Sabahattin Ali şiirlerinin şarkıya gelir bir tarafı olduğu su götürmez. Şiirlerinden bu kadar çok “hit” şarkı çıkmış az şair var: “Leylim Ley”, “Aldırma Gönül”, “Ben Sana Vurgunum”, “Dağlar Dağlar”, “Geçmiyor Günler”, çok fazla bilinmese de benim en sevdiklerimden biri olan “Gurbet Hapishanesi”…

Kürk Mantolu Madonna kitabıyla kahve fincanlı fotoğraflar paylaşmak moda olmadan çok ama çok evvel Kuyucaklı Yusuf’u, Hanende Melek’i, Gramafon Avrat’ı kitaplarında, olmadı Yeşilçam filmlerinde tanımış bir nesil vardı bu ülkede. Şiirlerini okumuş ya da okumasa da şarkılarda dinlemiş ve illa ki söylemiş bir nesil de.


Şimdilerde bir Sabahattin Ali şiiri daha şarkıya dönüştü. Genç kuşağın başından beri hep kalıcı ve sağlam işler yapmış bestecilerinden biri, Çağın Bodur tarafından bestelenen “Yetmez mi Gönül?”ü Alper Atakan’ın düzenlemesiyle Necdet Kaya seslendiriyor. Şarkı, geçtiğimiz günlerde tekli formatında Sony Müzik etiketiyle yayımlandı.


Konservatuvarlı bir müzisyen olan ve ilk albümünü 2007 yılında yayımlayan Necdet Kaya, bugüne dek dört albüm yapmış, halk müziği dalında yaptığı bu albümlerle türün genç isimleri arasında yıldızını parlatmış bir isim. Kaya’nın halk müziği çizgilerinin dışına çıkan ilk çalışması ise bu şarkı oldu. Aslına bakılırsa “rock”ın içinden arabeskin, popun içinden alaturkanın, halk müziğinin içinden popun geçebildiği, türler arası keskin çizgilerin artık silinmeye başladığı bir dönemde özellikle genç isimleri klişe kategorilerin içerisinde anmak da haksızlık.

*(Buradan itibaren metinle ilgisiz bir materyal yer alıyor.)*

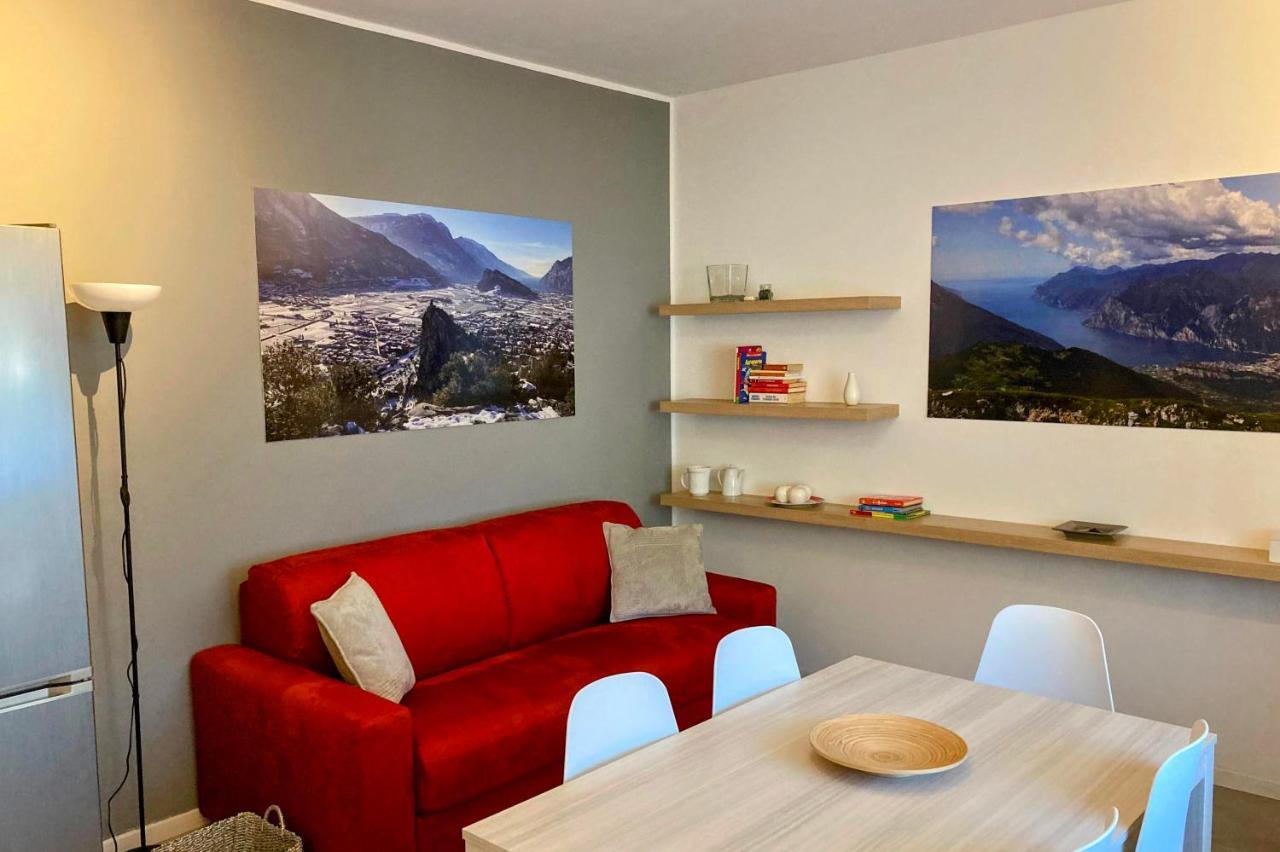 Appartamento Giada Arco Ngoại thất bức ảnh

Hele ki ülke genelinde dinleyici çok büyük yüzdeyle bu ayrımlara takılmıyor iken.


Nitekim bu şarkı iyi bir besteci, iyi bir aranjör, iyi bir şarkıcı ve büyük bir şairin dizelerinin buluşmasından ortaya çıkmış iyi ve etkili bir şarkı. Sabahattin Ali’nin 41 yıl sürmüş kısa ve hüzünlü hayat hikâyesinin izlerini taşıyan şiirin hakkını veren beste, düzenleme ve yorum, dinleyeni o dakika etki altına alıyor. Bir de üzerine Sinop hapishanesinde, Sabahattin Ali’nin kaldığı koğuşta çekilmiş klibi izleyip, duvarda asılı fotoğrafını gördüğünüzde boğazınız düğümleniveriyor.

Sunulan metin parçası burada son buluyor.